In Toplița wohnen wir in einer großen Holzhütte mit Blick auf die Stadt und einer Badewanne mitten im Zimmer. Im riesigen Gästefoyer kann man am Abend sitzen und einen heißen Tee genießen. Hier gibt es auch einen Kühlschrank mit Bier und lokal hergestelltem Apfel-Ingwer-Saft. Man kann sich bedienen und legt dann das Geld in einen Becher, der ebenfalls im Kühlschrank steht. Von unserer Unterkunft sind es knapp 10 Gehminuten zum Wellness-Zentrum Banffy, das von der Stadt verwaltet wird.
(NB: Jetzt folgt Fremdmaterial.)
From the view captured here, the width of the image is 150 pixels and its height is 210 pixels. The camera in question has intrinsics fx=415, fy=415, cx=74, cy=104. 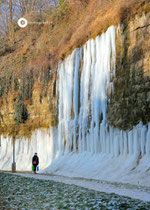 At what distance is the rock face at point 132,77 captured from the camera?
60.4 ft

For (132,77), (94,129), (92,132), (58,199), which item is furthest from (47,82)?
(58,199)

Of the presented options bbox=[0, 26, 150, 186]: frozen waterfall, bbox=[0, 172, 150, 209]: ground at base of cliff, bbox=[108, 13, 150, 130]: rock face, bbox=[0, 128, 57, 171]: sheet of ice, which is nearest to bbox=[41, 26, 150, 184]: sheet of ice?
bbox=[0, 26, 150, 186]: frozen waterfall

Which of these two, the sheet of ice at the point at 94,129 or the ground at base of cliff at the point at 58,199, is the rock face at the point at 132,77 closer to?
the sheet of ice at the point at 94,129

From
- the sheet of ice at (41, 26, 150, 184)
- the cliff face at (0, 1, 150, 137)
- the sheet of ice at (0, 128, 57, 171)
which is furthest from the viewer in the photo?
the sheet of ice at (0, 128, 57, 171)

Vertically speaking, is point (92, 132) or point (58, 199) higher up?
point (92, 132)

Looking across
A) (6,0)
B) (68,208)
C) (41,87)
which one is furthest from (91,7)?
(6,0)

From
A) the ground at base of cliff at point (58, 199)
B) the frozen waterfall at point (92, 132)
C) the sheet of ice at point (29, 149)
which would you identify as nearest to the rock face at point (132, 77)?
the frozen waterfall at point (92, 132)

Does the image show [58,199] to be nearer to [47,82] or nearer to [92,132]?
[92,132]

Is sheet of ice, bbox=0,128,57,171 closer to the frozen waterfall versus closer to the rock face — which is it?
the frozen waterfall

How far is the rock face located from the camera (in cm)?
1842

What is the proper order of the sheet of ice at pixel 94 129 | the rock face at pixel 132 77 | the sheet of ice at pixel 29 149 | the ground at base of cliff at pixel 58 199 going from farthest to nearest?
1. the sheet of ice at pixel 29 149
2. the rock face at pixel 132 77
3. the sheet of ice at pixel 94 129
4. the ground at base of cliff at pixel 58 199

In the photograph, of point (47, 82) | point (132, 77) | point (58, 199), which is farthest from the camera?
point (47, 82)

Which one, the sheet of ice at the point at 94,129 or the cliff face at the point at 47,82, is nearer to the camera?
the sheet of ice at the point at 94,129

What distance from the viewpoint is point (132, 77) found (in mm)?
19469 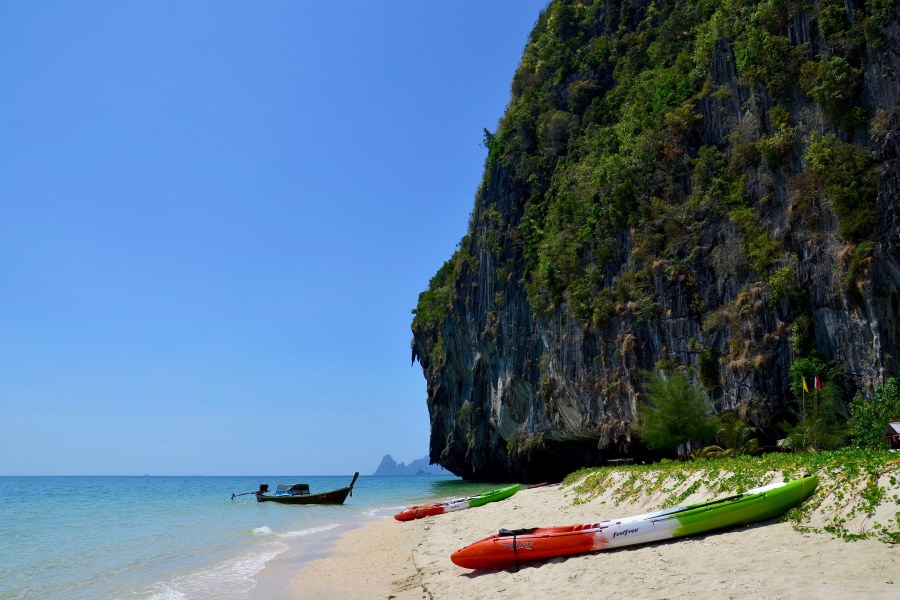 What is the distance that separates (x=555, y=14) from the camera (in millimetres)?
48938

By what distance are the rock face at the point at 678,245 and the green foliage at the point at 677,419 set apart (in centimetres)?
177

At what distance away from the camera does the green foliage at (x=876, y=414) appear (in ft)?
67.0

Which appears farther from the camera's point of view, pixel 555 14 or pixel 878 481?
pixel 555 14

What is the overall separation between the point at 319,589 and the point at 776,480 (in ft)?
27.6

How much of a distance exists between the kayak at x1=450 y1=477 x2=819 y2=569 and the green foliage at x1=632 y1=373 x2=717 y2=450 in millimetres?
16235

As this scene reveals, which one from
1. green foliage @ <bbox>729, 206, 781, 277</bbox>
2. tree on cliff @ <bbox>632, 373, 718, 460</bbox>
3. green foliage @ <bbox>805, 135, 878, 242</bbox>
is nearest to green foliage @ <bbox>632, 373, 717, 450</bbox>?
tree on cliff @ <bbox>632, 373, 718, 460</bbox>

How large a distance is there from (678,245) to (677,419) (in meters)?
9.11

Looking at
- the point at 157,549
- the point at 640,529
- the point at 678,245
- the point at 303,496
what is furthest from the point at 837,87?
the point at 303,496

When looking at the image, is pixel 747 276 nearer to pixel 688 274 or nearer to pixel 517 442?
pixel 688 274

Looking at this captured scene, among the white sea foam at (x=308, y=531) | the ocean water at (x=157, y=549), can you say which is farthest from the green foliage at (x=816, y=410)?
the white sea foam at (x=308, y=531)

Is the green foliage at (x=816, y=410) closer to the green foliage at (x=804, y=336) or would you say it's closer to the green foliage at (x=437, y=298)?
the green foliage at (x=804, y=336)

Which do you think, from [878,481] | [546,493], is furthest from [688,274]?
[878,481]

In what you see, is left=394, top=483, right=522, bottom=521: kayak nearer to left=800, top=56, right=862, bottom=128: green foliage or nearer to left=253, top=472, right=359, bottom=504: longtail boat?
left=253, top=472, right=359, bottom=504: longtail boat

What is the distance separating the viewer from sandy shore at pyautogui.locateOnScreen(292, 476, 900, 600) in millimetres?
7242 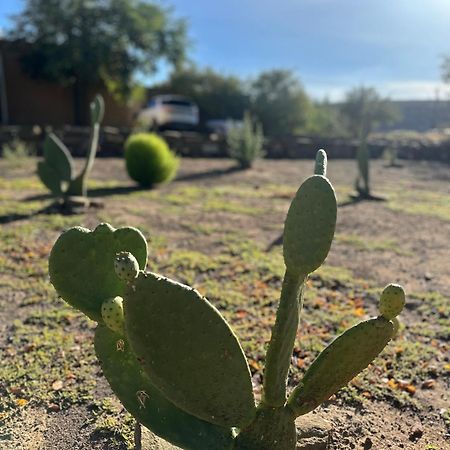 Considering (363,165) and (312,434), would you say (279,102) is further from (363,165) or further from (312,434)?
(312,434)

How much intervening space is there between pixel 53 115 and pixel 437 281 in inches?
758

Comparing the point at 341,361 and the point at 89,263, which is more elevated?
the point at 89,263

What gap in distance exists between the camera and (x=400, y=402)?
97.6 inches

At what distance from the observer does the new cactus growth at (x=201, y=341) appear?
142 centimetres

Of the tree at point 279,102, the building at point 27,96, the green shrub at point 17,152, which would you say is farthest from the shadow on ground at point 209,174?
the tree at point 279,102

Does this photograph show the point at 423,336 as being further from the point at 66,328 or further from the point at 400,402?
the point at 66,328

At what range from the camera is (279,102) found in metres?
28.6

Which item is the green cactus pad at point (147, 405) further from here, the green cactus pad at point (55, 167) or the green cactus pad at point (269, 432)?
the green cactus pad at point (55, 167)

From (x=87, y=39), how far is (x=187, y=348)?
20.0m

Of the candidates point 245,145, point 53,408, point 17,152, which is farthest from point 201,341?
point 245,145

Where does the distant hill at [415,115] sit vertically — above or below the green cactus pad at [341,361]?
above

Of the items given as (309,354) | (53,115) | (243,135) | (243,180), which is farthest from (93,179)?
(53,115)

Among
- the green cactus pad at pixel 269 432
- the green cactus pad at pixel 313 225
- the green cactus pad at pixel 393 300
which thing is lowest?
the green cactus pad at pixel 269 432

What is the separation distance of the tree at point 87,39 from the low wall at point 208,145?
6526 millimetres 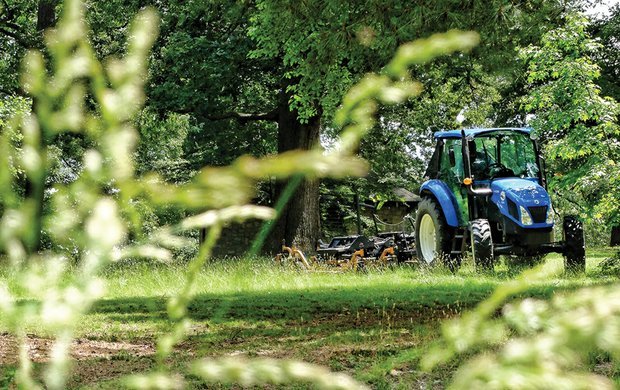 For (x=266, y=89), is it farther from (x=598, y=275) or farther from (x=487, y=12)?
(x=487, y=12)

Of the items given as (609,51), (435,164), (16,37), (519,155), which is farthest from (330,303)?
(609,51)

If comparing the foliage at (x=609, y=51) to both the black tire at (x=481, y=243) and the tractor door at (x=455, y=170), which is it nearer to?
the tractor door at (x=455, y=170)

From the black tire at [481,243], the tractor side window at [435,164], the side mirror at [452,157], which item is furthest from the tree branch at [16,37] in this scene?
the black tire at [481,243]

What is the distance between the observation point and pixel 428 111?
2045 cm

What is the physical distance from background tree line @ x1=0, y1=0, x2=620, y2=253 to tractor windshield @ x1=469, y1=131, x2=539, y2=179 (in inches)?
14.5

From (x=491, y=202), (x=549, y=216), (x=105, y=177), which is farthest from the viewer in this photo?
(x=491, y=202)

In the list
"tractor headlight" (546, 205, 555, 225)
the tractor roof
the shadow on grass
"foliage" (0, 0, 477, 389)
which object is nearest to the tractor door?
the tractor roof

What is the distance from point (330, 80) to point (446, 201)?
13.0ft

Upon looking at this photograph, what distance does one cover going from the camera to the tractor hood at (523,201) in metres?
10.9

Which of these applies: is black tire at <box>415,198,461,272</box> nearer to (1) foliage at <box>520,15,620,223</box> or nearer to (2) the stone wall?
(1) foliage at <box>520,15,620,223</box>

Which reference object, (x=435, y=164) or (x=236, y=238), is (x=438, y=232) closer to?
(x=435, y=164)

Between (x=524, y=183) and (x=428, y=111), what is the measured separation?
9515 mm

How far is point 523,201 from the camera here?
426 inches

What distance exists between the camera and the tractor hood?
35.7ft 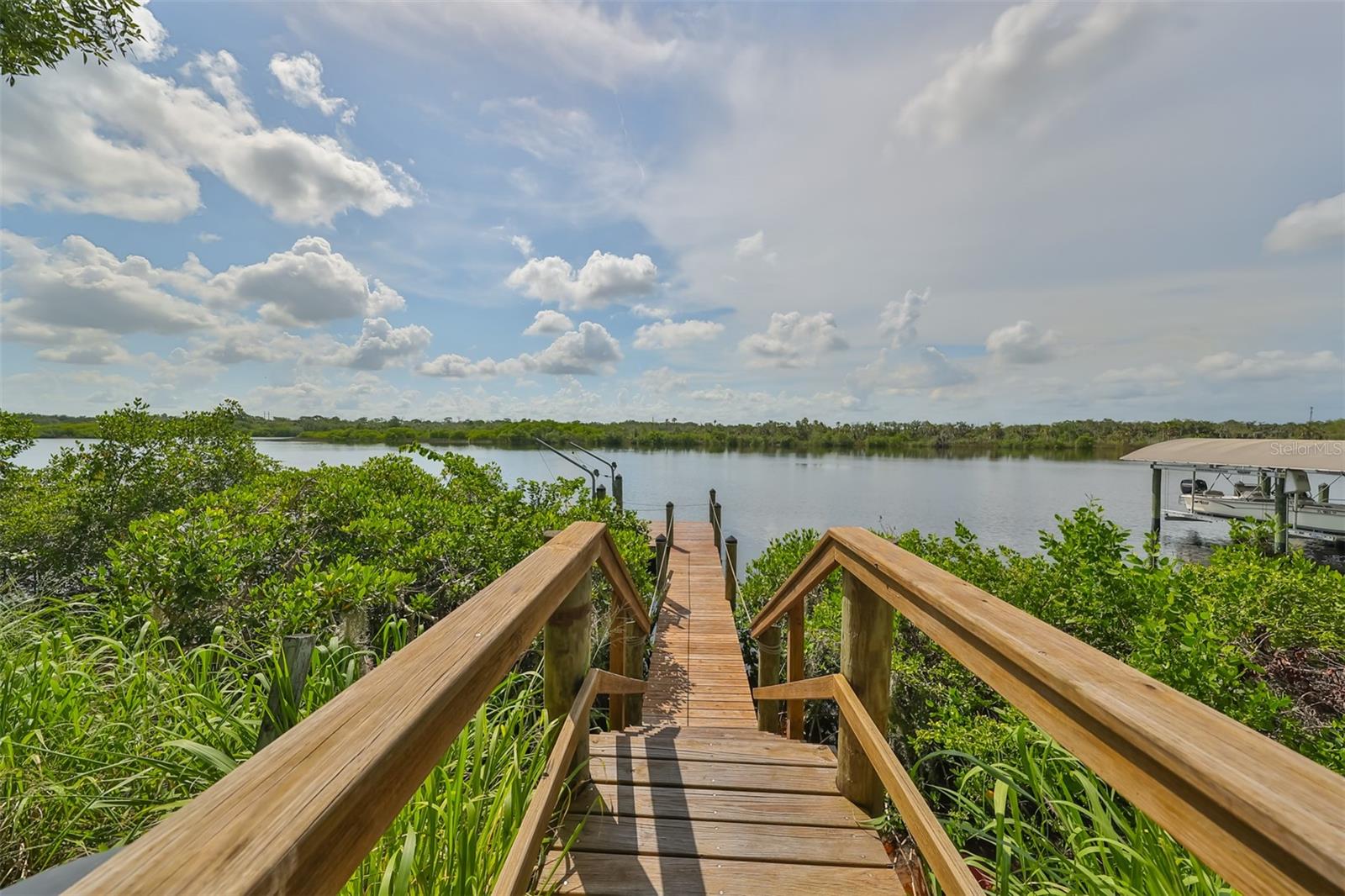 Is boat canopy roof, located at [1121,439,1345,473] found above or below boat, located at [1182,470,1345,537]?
above

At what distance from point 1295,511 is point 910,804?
55.7 feet

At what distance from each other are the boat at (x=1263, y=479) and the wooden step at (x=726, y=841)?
13.7m

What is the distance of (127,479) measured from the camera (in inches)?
221

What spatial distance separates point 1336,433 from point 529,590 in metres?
50.8

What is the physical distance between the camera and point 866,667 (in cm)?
176

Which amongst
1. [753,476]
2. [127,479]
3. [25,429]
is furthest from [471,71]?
[753,476]

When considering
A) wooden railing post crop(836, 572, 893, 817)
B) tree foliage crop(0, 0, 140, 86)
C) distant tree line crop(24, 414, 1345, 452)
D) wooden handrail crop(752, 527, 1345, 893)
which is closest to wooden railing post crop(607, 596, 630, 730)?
wooden railing post crop(836, 572, 893, 817)

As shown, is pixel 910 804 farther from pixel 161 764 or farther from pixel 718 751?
pixel 161 764

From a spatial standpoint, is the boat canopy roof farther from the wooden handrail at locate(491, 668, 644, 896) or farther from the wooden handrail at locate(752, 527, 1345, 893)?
the wooden handrail at locate(491, 668, 644, 896)

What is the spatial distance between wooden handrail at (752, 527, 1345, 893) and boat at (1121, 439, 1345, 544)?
14155 millimetres

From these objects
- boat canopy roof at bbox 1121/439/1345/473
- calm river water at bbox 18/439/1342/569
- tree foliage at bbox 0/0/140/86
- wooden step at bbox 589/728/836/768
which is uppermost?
tree foliage at bbox 0/0/140/86

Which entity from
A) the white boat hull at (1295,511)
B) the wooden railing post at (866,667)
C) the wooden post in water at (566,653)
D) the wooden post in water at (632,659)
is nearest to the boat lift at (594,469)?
the wooden post in water at (632,659)

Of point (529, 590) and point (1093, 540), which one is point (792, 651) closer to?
point (1093, 540)

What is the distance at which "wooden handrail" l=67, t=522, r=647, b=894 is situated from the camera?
405 millimetres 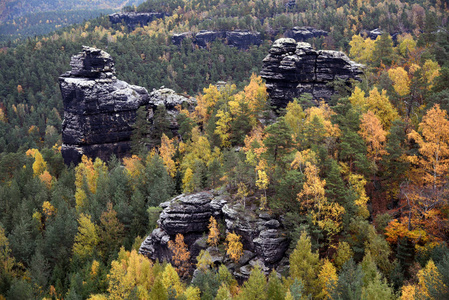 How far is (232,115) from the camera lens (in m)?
65.6

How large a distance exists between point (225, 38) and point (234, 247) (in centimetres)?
13274

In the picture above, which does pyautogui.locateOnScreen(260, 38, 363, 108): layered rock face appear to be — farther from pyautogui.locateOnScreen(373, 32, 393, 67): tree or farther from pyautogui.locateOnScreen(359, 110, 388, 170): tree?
pyautogui.locateOnScreen(359, 110, 388, 170): tree

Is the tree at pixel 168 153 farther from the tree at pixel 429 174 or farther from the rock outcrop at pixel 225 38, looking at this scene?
the rock outcrop at pixel 225 38

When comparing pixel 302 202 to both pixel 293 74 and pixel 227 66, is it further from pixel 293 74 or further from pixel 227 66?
pixel 227 66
Hier kann man im Innenpool schwimmen (im Sommer gibt es auch zwei Außenpools mit Thermalwasser), im Jacuzzi faulenzen und in die Sauna oder ins Salzzimmer gehen. Überall sind die Leute freundlich: in der Sauna wird man gegrüßt, im Jacuzzi kommt man leicht ins Gespräch und auch auf der Suche nach einem Restaurant in der Nähe, das nach 21 Uhr noch offen hat, sind die Leute behilflich. Leider ist um diese Uhrzeit die Küche schon geschlossen – das ist nun eben so an einem Wochentag am Ende der Wintersaison. In die Stadt wollen wir aber nicht mehr fahren, und so besteht unser Abendessen aus Kuchen, leckerem Kartoffelbrot aus Gheorgheni und bayerischem Weihnachtsbier aus dem Kühlschrank.

Wölfe und Rhododendron

Auch unten in der Stadt sind die Leute nett. Besonders Gabriela Hosszu, die das Touristen-Infozentrum leitet. Seit der Eröffnung vor 10 Jahren gibt sie den Touristen Auskunft über Sehenswürdigkeiten, hat aber auch viele Geheimtipps, die einen ganz anderen Blick auf die Gegend geben. Sie erzählt uns mit leuchtenden Augen vom Monat Juni, wenn das Rhododendron im Călimani-Gebirge blüht, von den Nonnen, die im Doamnei-Kloster aus Moglănești, wenige Autominuten entfernt, Bio-Hautcremes und Seifen herstellen, von wunderwirkenden Ikonen und von einem Pfarrer, der in der Ortschaft Călimănel interaktive Astronomiekurse für Kinder hält.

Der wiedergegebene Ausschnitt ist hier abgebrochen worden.